Janis, Elsie (1889–1956)

American actress, musical comedy star, and author. Born Elsie Bierbower in Columbus, Franklin County, Ohio, on March 16, 1889; died at her Beverly Hills home on February 25, 1956; buried beside her motherat Forest Lawn Memorial Park, Glendale, California; daughter of John E. Bierbower and Jane Elizabeth (Cockrell) Bierbower; married Gilbert Wilson (an actor), in 1931.

Elsie Janis was born in Columbus, Ohio, in 1889. Guided firmly by her mother Jane Bierbower , Janis first trod the boards at age eight, making her Columbus debut as the boy Cain in The Charity Ball.
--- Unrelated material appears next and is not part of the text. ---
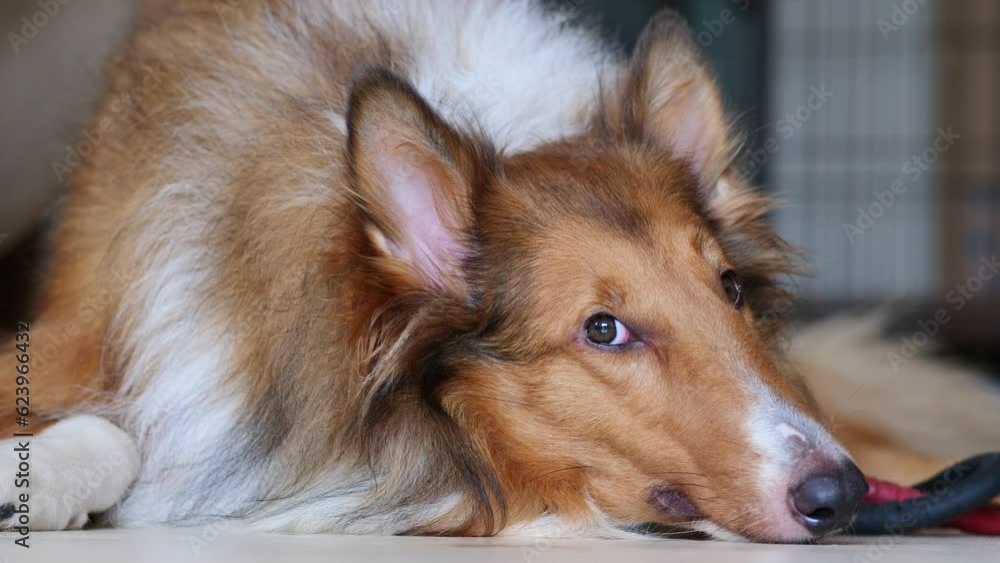 Cute rough collie dog lying on ground and looking at camera with black eyes, alert dog at home, 4k slow motion footage. Cute rough collie dog lying on ground and looking at camera with black eyes, alert dog at home, 4k slow motion footage.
The following year, she appeared in Cincinnati stock company productions of Little Lord Fauntleroy, East Lynne, and The Galley Slave. Under the management of E.E. Rice, Janis was off to New York in 1900, working the vaudeville stage at the Casino Theater Roof Garden as "Little Elsie"; she followed that with a three-year tour. Her first substantial hit came in 1905, when she appeared at the New York Theater Roof Garden in When We Were Forty-One, in which her imitations of popular actors of the day created a furor.

In 1906, Janis starred on Broadway as Dorothy Willetts in The Vanderbilt Cup, which had a seasonal run and subsequent tour. The following year, she was again successful playing Joan Talbot in The Hoyden at the Knickerbocker Theater. She was also seen as Cynthia Bright in The Fair Co-Ed (1908), as Princess Kalora in The Slim Princess (1909), and as Cinderella in The Lady of the Slipper (1912). Her London debut came in 1914, when she portrayed Kitty O'Hara in The Passing Show at the Palace. Again, she met with phenomenal success.

During World War I, the 18-year-old Janis toured the trenches of France for some months, becoming known as the "sweetheart of the American Expeditionary Force" as she entertained the troops. In New York, she starred in Miss Information (1915), The Century Girl (1916), Miss 1917 (1919), Elsie Janis and her Gang (1922), and Puzzles of 1925 and Oh, Kay! (1925). She also took her La Revue de Elsie Janis to the Apollo in Paris (1921). By then, she had long been an international celebrity.

In 1939, Elsie Janis made her farewell stage appearance in Frank Fay's vaudeville Laugh Time; she also gave a series of Sunday night performances of songs and impersonations. The multitalented Janis appeared in silent and talkie films, composed over 50 songs, penned the screenplay for Close Harmony, starred in her own revues and plays A Star for a Night (1911) and It's All Wrong (1920), for which she was also co-composer, staged New Faces of 1934, and wrote several books (Love Letters of an Actress, If I Know What I Mean, as well as her autobiography

So Far So Good, 1932). Her only marriage, which ended in separation, came at age 42 to actor Gilbert Wilson.